Why not just purchase "new" belts from an automotive supplier?
I would either just get new seatbelts (Moss, VB, Juliano's or any other supplier) or have someone like Ssnake Oyl redo your originals with new webbing.
reweb.
sunfaded belts have 20% of the strength of new (I just made that up, but it's kinda true<G>)
Certain things I'd feel comfy skimping on. Occupant restraints ain't one of them. They say the MG shell is very accident-worthy. Throw that safety factor out the window with rags for seatbelts. I myself am going to have to buy new, and though I'm working with an extremely limited budget, I have to figure a way to make new seatbelts happen.
mac townsend Wrote:
reweb.
sunfaded belts have 20% of the strength of new (I just made that up, but it's kinda true<G>
"
63% of statistics are made up spontaneously for effect.
Check with companies that make safety harnesses for construction workers or the guys who drag race. They can make you certified belts and you can be safe and look good.
It is true that sun faded belts are very weak. The sun affects the stitching as well as the webbing. Over here, they will fail you on a Warrent of Fitness for faded seatbelts. I got mine re-webbed in order to keep the original ( unobtainable ) fittings. Just make sure the webbing they use is the same thickness ( about 1/8" I think ) otherwise they will keep coming loose. New cars use thinner webbing. I didn't realise that until I got mine back, and they are forever coming loose.
I recently replaced mine with a set of these. I'm very happy with them. This is the photo from the Moss catalogue.
Pete
I recently installed the inertia reel belts from Moss. They work great and from any angle. I gave up on the Securon brand.
Mike
I put new ones from Moss in the GT. Not expensive (not inertia reel), look good and work great.

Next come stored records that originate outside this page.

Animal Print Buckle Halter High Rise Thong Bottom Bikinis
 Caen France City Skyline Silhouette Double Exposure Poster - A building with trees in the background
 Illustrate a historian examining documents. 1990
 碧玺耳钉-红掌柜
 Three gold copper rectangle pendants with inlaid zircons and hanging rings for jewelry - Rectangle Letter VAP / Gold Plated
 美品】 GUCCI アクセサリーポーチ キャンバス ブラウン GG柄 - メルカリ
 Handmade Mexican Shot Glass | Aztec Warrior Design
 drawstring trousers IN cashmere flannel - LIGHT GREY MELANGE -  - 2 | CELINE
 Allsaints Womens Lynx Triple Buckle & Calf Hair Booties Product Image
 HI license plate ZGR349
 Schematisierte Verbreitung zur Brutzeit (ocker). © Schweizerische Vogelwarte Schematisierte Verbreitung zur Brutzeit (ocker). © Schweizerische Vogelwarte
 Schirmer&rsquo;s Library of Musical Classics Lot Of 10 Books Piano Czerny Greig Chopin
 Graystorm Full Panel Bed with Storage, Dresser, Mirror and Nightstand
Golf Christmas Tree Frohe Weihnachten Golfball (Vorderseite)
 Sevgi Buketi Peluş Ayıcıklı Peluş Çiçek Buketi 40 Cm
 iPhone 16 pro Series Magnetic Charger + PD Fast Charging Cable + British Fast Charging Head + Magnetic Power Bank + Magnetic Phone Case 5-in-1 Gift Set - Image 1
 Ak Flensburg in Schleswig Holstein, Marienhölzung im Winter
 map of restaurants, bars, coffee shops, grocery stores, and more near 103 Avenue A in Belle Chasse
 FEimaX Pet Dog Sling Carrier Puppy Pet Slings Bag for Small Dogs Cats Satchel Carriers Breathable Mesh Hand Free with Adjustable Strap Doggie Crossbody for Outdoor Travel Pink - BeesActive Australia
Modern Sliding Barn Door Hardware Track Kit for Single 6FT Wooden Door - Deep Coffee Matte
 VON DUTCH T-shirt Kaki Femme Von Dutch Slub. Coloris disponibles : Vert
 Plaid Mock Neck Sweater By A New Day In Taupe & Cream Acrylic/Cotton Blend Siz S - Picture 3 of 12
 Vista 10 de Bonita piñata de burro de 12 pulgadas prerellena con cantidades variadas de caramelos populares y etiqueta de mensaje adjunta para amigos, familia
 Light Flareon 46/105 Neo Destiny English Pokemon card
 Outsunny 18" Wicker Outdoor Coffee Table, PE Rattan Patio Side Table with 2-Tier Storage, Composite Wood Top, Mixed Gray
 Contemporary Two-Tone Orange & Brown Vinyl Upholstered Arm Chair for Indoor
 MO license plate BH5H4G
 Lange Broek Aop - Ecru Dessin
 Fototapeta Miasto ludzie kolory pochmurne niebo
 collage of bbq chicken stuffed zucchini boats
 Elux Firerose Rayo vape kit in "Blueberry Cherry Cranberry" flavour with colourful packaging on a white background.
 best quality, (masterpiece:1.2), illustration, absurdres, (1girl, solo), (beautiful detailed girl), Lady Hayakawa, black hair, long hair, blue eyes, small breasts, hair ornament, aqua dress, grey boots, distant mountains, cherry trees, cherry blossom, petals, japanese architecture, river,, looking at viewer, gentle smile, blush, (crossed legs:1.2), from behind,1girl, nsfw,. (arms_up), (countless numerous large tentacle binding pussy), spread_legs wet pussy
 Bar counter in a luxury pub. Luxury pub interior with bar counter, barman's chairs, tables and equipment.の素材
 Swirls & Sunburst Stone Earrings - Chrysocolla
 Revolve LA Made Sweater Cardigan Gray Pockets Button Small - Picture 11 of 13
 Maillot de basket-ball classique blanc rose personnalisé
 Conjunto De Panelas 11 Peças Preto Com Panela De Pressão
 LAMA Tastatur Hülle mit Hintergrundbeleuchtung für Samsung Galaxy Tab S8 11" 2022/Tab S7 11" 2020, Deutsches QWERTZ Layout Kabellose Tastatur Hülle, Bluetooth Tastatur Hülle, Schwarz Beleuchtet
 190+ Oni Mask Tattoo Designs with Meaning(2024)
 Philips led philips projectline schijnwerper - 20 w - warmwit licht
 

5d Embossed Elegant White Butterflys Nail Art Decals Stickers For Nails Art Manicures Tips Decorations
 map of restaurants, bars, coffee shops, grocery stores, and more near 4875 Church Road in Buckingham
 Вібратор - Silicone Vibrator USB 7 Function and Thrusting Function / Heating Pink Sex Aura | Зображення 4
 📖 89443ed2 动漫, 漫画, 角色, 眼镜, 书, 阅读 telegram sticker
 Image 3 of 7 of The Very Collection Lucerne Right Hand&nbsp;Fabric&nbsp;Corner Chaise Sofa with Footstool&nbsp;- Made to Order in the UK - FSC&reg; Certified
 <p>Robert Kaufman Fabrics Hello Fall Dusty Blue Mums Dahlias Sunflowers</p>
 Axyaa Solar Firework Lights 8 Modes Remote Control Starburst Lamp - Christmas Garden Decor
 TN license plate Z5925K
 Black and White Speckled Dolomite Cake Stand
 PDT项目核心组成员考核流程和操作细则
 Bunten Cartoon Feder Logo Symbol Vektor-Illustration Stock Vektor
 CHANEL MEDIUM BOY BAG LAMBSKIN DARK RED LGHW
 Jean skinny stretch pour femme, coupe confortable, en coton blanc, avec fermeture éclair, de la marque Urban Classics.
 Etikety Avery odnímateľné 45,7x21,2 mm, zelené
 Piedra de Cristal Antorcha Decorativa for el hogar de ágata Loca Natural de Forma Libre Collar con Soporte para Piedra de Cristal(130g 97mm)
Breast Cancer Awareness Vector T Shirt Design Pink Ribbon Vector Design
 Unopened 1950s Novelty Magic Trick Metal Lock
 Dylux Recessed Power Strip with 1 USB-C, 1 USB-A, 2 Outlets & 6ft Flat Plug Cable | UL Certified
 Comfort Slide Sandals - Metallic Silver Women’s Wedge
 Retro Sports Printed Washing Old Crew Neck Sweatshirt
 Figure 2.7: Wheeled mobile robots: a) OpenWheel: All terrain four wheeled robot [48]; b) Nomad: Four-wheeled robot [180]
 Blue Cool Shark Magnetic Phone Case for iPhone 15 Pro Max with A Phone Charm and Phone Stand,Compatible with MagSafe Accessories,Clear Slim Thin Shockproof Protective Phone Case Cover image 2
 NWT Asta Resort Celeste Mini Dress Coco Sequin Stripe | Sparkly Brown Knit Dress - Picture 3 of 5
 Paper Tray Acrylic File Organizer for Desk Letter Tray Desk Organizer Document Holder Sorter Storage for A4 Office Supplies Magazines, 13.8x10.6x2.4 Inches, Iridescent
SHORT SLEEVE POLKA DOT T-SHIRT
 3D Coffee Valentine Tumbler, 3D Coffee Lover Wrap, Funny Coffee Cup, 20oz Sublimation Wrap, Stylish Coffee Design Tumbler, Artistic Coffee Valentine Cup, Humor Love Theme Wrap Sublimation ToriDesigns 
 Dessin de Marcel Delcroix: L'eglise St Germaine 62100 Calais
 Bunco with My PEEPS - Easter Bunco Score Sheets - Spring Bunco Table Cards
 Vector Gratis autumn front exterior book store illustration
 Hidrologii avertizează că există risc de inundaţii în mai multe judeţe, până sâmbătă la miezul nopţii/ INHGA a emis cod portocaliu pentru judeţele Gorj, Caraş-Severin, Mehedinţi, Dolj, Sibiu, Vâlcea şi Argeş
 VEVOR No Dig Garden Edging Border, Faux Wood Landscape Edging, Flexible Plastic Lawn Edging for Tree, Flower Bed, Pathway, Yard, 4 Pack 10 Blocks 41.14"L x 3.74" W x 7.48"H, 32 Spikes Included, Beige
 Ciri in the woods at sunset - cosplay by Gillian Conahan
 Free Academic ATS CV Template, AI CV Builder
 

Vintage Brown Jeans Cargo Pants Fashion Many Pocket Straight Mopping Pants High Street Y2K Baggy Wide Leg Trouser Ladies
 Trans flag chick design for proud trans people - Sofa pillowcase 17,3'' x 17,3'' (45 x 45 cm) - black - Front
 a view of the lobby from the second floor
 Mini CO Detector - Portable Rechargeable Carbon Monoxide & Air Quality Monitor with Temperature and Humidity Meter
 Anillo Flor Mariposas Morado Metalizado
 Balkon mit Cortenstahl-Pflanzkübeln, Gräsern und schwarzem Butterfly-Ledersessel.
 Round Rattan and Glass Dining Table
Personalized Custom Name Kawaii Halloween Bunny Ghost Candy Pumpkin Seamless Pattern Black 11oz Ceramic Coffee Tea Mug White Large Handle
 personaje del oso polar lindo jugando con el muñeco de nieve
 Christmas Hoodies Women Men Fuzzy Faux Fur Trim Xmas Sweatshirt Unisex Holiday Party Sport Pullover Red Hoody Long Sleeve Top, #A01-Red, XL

Please, please do NOT refurbish webbing, or use scrapyard seatbelts. They can be very dangerous, and old webbing can fail when loaded.
The absolute first things I replaced when I bought my B last April was the seatbelts. Someone had cut out the original 3 point belts and put in two point belts. Certainly makes for fewer issues when the top is down. HOWEVER - these are 30+ year old convertibles. If I'm in an accident I want to be held in place, not launched into space over the 'boot'. I bought the Moss 3 point inertia belts and am very happen with them.
Good point, Julian - in cars like these, two point belts may actually be worse than no belt at all!
Thanks for all the advice. I hadn't considered "rewebbing". Where do you get this done, at an auto upholstery/convertable top place?